The Archives: ESL Delivers Once Again on Recently Released Reggae Project

The Archives represent one of the latest projects of D.C.'s own Eighteenth Street Lounge (ESL) record label, which stars Thievery Corporation vocalist, Ras Puma.  The self-titled debut album, which was released on July 11, showcases the diverse sounds and rhythms found in the reggae genre.  The classic sounds of roots reggae, rocksteady, early dub, and dancehall are fused with modern touches that make this album accessible to reggae listeners across various generations.  Naturally, the combination of such musical elements make the album very danceable, and a pleasant listening treat from beginning to end. What's more, the strong socially conscious messages that are found in The Archives and ESL Music at large, is applicable to both traditional roots reggae messages, but also represents current political, financial, and social issues.  The album is brilliantly produced by Eric Hilton, who demonstrates his inherent understanding of foundation reggae.  
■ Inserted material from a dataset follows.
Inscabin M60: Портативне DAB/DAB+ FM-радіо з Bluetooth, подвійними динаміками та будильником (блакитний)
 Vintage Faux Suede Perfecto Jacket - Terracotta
ESL Music continues to excel in fusing classic and authentic sounds with modern technologies and messages. The album is a spot on collaboration of musicians and strong vocalists.  Ras Puma has rightfully earned the spotlight on the album, as he delivers smooth, fine-tuned, and beautiful vocals in every phrase.  What is refreshing about the ESL newcomer is that aside from being naturally talented, Ras Puma sings every song with undeniable emotion.  The album begins with the upbeat track "Who's Correct," a song with heavy messages of religious tolerance.  Lenny Kurlou is featured on vocals alongside Ras Puma on "Ghetto Gone Uptown," a track that offers both romantic rocksteady rhythms and a conscious look at this country's economic hardship.  Justin Parrot's heavy and rootsy basslines hit hard on "More To Life" which compliments Mateo Monk's rich guitar solo, and Leslie James Jr.'s steady, yet laid-back drumming.

In many ways, whether intentional or not, the album pays homage to other reggae greats.  For instance, Mateo Monk's incorporation of the melodica throughout the album  calls to mind the legendary Augustus Pablo, especially in "Melodica Funk."  "Boof Baff" features the undeniable Sister Nancy-like style of  Ichelle Cole.  Even Jamaican toaster Sleepy Wonder evoked a bit of Michael Rose in his vocal stylings on the track "Music is My Prayer."   The album closes with an amazing version of "Blasting Through The City," a track originally featured on Thievery Corporation's album "Radio Retaliation" with Notch as the vocalist.  However, Ras Puma adds a new flavor with his vocal flair on the Caribbean sounding rendition, offering a very strong finish to the album.  All in all, the collaborative efforts on The Archives reflect the solid foundation of reggae, while elevating the genre with fresh, talented artists and modern musical elements.